Useful Spanish phrases - phone conversations and texting

Useful Spanish phrases - phone conversations and texting


E = Peninsular Spanish; AM - Latin American Spanish


¿Dónde está el movil? E / el celular? AM – Where´s the mobile/cell phone?

¿Hola? – Hello?

¿Aló? – Hello? AM

¿Sí? – Yes?

¿Diga? – Yes?

¿Bueno? – Yes? (MEXICO)

Hola, soy Lola. E/ Hola, habla Lola. AM – Hi, it's Lola.

¿Podría pasarme a Miguel, por favor? – Can I speak to Miguel, please?

¿Está Rosa? – Is Rosa there?

No. Se ha equivocado. – No, wrong number.

¿Con quién quiere usted hablar? – Who do you want to talk to?
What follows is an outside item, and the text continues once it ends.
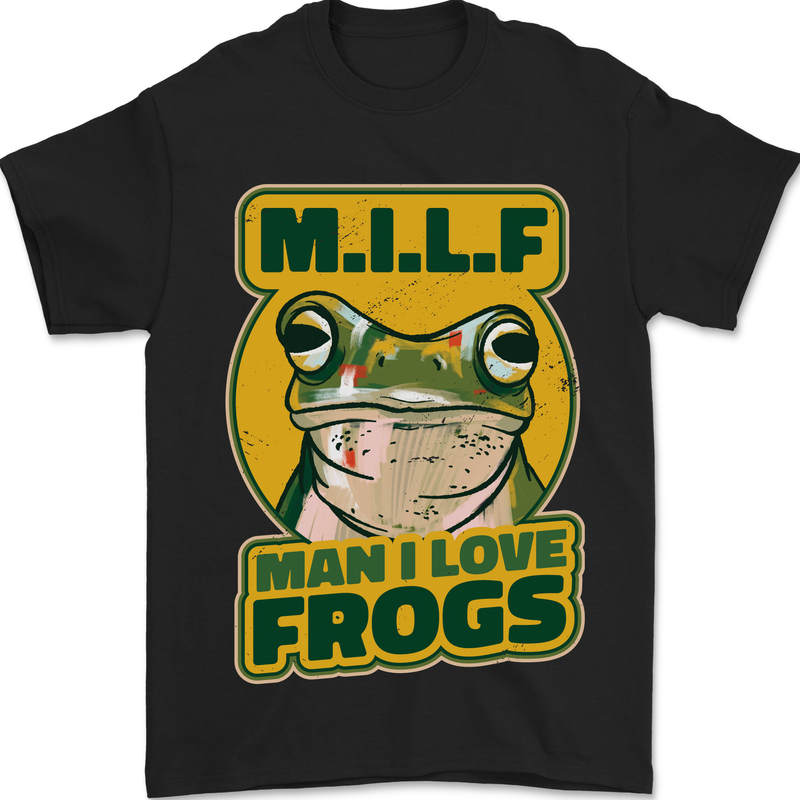 MILF Man I Love Frogs Mens T-Shirt 100% Cotton Black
¿De parte de quién? – Who's calling please?

De Pablo. – It's Pablo.

Ahora se pone. – She's just coming.

Al habla / Con ella habla. – Speaking.

Soy yo. – It's me.

Un momento – One moment.

¡Dame un toque! E / ¡Márcame! – Ring me!

¡Llámame! – Call me!

¡Hola! Este es el contestador autómatico de Marco. Por favor deje su mensaje después de la señal. – This is Marco´s answerphone. Please, leave the message after the tone.
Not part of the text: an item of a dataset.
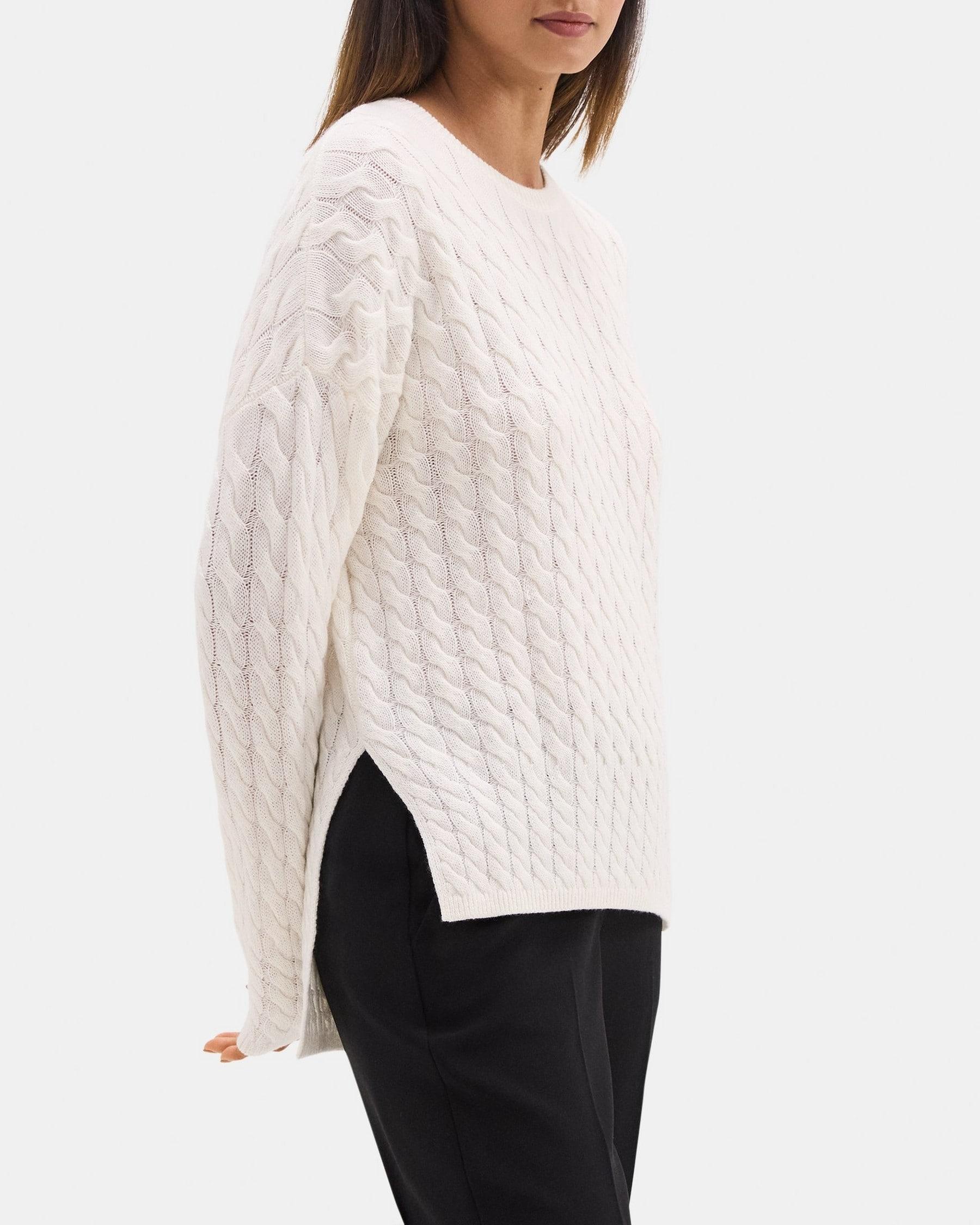 Cable Knit Sweater in Wool-Cashmere Blend Product Image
Me tengo que ir. – I have to go.

Tengo que colgar. – I have to end.

Llámame más tarde. – Call me later.

Te mando un beso. / Un beso. – Kisses.

Te mando un abrazo. / Un abrazo. – Hugs.


¿Dónde andas? – Where are you wandering?

Llama a casa. – Call home.

50538 50538 (Turn the phone upside down and you'll read: BESOS BESOS) – kisses kisses

TQM (Te quiero mucho) – I love you so much.
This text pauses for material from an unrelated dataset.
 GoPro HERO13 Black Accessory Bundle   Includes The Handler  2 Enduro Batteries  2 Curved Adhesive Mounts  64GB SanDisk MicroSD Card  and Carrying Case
MAPTC (Me apetece...) – I feel like... / I fancy...

TAPTC? (¿Te apetece...?) – Do you fancy...?

QTPRC (¿Que te parece?) – What do you think?

XQTQ (Porque te quiero) – Because I love you

D2 (Dedos) – Fingers

QNDO (cuando) – when

D ND (de nada) – you´re welcome

NS VMS DSPS (nos vemos después) – we'll arrive later

NS VMS MÑN (nos vemos mañana) – we'll arrive tomorrow

BN/BNO (bien/bueno) – okay

NTP (no te preocupes) – don't bother

AD+ (además) – besides

+ (más) – more

TBM (también) – also, too

TP (tampoco) – neither, not either

A2 (adiós) – goodbye

SALU2 (saludos) – greetings

K ACS? (¿Qué haces?) – What are you doing?

FIN D SMN (fin de semana) – weekend

GRR (enojado) – angry

H LGO (hasta luego) – see you later

H MÑN (hasta mañana) – seee you tomorrow

RS 2? (¿Eres tú?) – Are you?

updated AGO 6, 2014
edited by Issabela
posted by Issabela
Interesting - cheeseisyummy, NOV 1, 2009
Oh - this was really good - especially the texting. Well one! - caza, NOV 1, 2009
no Ordale? - Malenor, NOV 1, 2009
sorry - typo - well done! - caza, NOV 1, 2009
cool! - Luv2Sing46, NOV 1, 2009
nice post! - April-Sarah, NOV 1, 2009

10 Answers


I was more thinking along the lines of the phone conversations. I, humbly admit, still use full sentences with punctuation when texting. I can't break some habits. smile

updated NOV 2, 2009
posted by Jason7R
And, please don't. One cannot misinterpret or misunderstand a well written sentence. - Zoltán, NOV 2, 2009

Great list!!!!

Can I add a few things?... Well not to your original one , but you know... smile

When answering the phone, some also say- Dígame.

When asking who is calling, ¿Quién habla? o ¿Con quién hablo?.

When saying just a moment, you can also say... Un momentito.

If someone calls and you need to pass the phone to them you can say... Ahorita te lo/la paso.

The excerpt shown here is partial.